Publishers to use digital textbooks to kill resale market

By | January 17, 2012, ZDNET

Summary: The benefits of ebooks (and etextbooks by extension) are clear. But publishers will flock to digital textbooks for one simple reason: they’ll kill the resale market.
More details are emerging about Apple’s education announcement on Thursday at the Guggenheim in New York City.
The Wall Street Journal reported that Apple “is expected to unveil textbooks optimized for the iPad and that feature ways to interact with the content, as well as partnerships with publishers.”

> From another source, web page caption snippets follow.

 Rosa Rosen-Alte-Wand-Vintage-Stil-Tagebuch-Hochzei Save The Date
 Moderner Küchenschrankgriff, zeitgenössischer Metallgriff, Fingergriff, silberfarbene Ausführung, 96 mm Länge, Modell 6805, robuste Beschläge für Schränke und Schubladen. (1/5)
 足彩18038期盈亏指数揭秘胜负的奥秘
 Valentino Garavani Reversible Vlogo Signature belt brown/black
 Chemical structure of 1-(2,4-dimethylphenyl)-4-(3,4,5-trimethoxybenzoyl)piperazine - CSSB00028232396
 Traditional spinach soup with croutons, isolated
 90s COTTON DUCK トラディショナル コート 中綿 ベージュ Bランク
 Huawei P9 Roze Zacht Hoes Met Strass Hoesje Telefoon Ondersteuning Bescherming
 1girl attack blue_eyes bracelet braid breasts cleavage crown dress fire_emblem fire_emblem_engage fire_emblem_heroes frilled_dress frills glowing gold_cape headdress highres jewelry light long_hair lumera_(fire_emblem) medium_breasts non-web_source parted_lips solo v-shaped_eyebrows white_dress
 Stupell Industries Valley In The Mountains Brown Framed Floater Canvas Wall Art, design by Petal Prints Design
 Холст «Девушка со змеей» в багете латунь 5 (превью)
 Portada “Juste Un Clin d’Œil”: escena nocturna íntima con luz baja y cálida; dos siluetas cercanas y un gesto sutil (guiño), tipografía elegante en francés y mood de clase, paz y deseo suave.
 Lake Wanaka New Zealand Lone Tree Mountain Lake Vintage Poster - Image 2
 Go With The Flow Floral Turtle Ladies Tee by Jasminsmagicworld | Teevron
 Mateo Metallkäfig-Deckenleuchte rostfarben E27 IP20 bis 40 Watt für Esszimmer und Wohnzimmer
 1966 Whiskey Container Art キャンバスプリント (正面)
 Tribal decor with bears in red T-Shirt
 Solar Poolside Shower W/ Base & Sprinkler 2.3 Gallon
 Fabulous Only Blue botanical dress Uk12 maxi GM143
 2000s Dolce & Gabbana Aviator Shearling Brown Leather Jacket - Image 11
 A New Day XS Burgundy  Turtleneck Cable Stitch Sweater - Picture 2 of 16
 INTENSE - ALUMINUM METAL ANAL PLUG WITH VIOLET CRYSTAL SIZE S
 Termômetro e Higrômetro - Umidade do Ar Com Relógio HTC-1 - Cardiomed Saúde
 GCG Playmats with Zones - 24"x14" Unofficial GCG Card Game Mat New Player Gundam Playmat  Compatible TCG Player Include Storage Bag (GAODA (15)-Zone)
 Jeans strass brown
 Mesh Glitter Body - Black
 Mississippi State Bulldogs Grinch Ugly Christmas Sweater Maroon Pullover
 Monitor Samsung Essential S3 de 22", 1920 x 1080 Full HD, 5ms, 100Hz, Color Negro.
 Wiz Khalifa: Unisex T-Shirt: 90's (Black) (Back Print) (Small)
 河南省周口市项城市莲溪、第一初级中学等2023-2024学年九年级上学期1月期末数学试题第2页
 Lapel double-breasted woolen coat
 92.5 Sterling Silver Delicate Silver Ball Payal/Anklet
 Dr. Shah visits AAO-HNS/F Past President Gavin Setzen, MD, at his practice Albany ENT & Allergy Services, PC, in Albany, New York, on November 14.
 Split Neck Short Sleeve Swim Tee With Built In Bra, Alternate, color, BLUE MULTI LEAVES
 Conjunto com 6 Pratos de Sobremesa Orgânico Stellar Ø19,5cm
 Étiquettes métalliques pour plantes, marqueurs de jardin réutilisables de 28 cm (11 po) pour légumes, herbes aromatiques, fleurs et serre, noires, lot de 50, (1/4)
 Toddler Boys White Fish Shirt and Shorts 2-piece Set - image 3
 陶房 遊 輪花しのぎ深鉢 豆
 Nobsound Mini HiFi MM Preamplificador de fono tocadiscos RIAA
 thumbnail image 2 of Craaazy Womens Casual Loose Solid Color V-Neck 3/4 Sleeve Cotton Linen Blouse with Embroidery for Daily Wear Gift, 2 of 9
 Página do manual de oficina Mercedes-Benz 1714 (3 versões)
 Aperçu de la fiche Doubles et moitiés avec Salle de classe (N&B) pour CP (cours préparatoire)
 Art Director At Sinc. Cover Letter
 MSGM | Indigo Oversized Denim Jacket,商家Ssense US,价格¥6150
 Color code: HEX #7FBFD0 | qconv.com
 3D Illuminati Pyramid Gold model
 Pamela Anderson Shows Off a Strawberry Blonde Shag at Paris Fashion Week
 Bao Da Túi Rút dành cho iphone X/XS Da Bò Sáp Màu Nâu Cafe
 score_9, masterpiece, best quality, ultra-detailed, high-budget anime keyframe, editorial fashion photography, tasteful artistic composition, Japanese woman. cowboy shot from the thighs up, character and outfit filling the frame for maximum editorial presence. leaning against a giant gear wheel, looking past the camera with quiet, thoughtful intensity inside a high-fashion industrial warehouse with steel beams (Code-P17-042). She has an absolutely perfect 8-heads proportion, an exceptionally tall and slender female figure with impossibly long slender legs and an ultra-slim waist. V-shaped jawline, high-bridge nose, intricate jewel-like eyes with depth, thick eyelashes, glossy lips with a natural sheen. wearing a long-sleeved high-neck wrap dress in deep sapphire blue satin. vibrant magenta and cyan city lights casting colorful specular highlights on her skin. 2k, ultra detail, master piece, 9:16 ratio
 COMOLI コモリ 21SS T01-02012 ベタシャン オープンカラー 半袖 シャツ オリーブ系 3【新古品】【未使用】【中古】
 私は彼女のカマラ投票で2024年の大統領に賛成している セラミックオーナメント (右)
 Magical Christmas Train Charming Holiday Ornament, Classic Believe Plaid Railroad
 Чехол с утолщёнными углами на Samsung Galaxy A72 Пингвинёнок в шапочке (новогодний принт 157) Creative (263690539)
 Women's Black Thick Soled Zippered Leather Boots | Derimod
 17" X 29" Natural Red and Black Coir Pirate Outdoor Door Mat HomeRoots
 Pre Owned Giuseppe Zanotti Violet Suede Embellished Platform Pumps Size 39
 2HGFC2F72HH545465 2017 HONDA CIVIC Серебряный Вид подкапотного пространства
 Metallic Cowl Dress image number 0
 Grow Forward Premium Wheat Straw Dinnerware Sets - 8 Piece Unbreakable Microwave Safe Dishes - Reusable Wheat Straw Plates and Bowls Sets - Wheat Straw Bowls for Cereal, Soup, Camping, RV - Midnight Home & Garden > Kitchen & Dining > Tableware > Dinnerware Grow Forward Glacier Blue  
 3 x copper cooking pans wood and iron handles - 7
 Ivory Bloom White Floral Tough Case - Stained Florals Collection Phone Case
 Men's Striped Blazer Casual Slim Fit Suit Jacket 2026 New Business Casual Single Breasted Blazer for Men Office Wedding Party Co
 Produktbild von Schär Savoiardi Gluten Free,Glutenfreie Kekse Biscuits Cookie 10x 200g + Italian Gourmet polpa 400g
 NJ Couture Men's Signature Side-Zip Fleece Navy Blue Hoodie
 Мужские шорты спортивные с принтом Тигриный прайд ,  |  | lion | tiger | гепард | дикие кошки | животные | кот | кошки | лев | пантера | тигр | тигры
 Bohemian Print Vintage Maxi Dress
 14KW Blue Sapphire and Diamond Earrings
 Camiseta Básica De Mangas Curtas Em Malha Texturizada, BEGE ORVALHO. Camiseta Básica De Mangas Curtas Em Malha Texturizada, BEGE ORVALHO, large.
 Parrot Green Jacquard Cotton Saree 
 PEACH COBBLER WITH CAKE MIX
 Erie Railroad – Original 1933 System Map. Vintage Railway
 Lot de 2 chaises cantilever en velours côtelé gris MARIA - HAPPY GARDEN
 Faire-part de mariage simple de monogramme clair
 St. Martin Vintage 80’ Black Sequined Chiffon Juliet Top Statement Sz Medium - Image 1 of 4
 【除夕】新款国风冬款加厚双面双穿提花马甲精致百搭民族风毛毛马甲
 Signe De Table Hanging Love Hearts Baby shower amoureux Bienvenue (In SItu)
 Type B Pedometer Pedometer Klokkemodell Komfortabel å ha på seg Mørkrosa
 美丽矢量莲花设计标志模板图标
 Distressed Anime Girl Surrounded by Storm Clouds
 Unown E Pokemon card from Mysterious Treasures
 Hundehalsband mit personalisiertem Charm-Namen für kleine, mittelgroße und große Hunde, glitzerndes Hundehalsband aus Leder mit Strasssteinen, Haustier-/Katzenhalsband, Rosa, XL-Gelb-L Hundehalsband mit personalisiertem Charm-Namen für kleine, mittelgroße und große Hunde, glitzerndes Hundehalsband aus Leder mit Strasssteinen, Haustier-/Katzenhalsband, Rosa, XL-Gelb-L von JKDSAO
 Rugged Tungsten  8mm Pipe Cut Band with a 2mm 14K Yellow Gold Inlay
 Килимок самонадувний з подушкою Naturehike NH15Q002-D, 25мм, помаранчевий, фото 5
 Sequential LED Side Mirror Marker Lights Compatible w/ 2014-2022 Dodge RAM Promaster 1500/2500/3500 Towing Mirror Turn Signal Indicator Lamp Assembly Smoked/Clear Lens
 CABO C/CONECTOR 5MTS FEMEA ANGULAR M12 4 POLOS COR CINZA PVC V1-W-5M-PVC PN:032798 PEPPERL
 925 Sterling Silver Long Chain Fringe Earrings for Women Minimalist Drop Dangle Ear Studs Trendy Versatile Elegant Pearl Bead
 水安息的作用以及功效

WSJ specifically mentions that McGraw-Hill, Pearson and Houghton Mifflin Harcourt are among the education-publishing companies most likely affected by an Apple textbook announcement but stopped short of linking the titans of textbook publishing to Thursday’s announcement. WSJ claims via “a person familiar with the matter” that McGraw-Hill has been working with Apple on its announcement since June.
The announcement is a no-brainer. It’s the modernization of textbook publishing and distribution — j ust like Apple did for music, TV shows, music, books and magazines.
Rinse. Lather. Repeat.
It’s quite simple really: publishers will use the iPad as the delivery vehicle and the Apple Store as the cash register.
Publishers I’ve talked to unofficially are anxious to embrace the new technology. The benefits to digital tomes are obvious, including the ability to add interactive features (think instructional video and tests/quizzes), real-time updates, and all the benefits of Internet access.
Textbook publishers are oligopolies with only five firms representing about 80 percent of all college textbooks published: Thomson, McGraw-Hill, Wiley, Houghton Mifflin Harcourt and Pearson. And they’re looking to digital textbooks to increase profit margins and boost the bottom line.
The economies of scale of digital publishing are evident. Publishers are able to distribute textbooks at a fraction of the cost of the dead tree edition because they don’t require expensive resources (paper and ink) and because they cost orders of magnitude less to distribute (the average physics textbook weighs 4.8 pounds).
The appeal of digital textbooks to the consumer is also obvious: they’ll cost less than their paper counterparts and you can carry an almost unlimited number of digital texts in a single 1.33 lb (600 g) iPad.
There’s one part of the digital business model that especially appeals to publishers: lack of resale.
Each semester after a student finishes a class, they can sell their textbook back to the bookstore (often for a fraction of what they paid). The bookstore then slaps a “used” sticker on it and sells it again to another student. That student sells it back, then the bookstore sells it again. In fact, the same textbook can be resold numerous times — cutting the publisher out of the profit entirely.
The cost of developing a new textbook can top $1 million and fifty percent (or more) of its sales occur in the first year after publication. After that, sales drop precipitously as most students move to (cheaper) used textbooks, again eliminating the publisher.
The appeal of etextbooks to publishers is that they can’t be resold. DRM simply prevents it. This means that each semester, each new class of students will be forced, in effect, to purchase new textbooks — which is music to the ears of publishers.
Textbooks publishers are eager to go digital and won’t bat an eyelash at Apple’s 30 percent commission.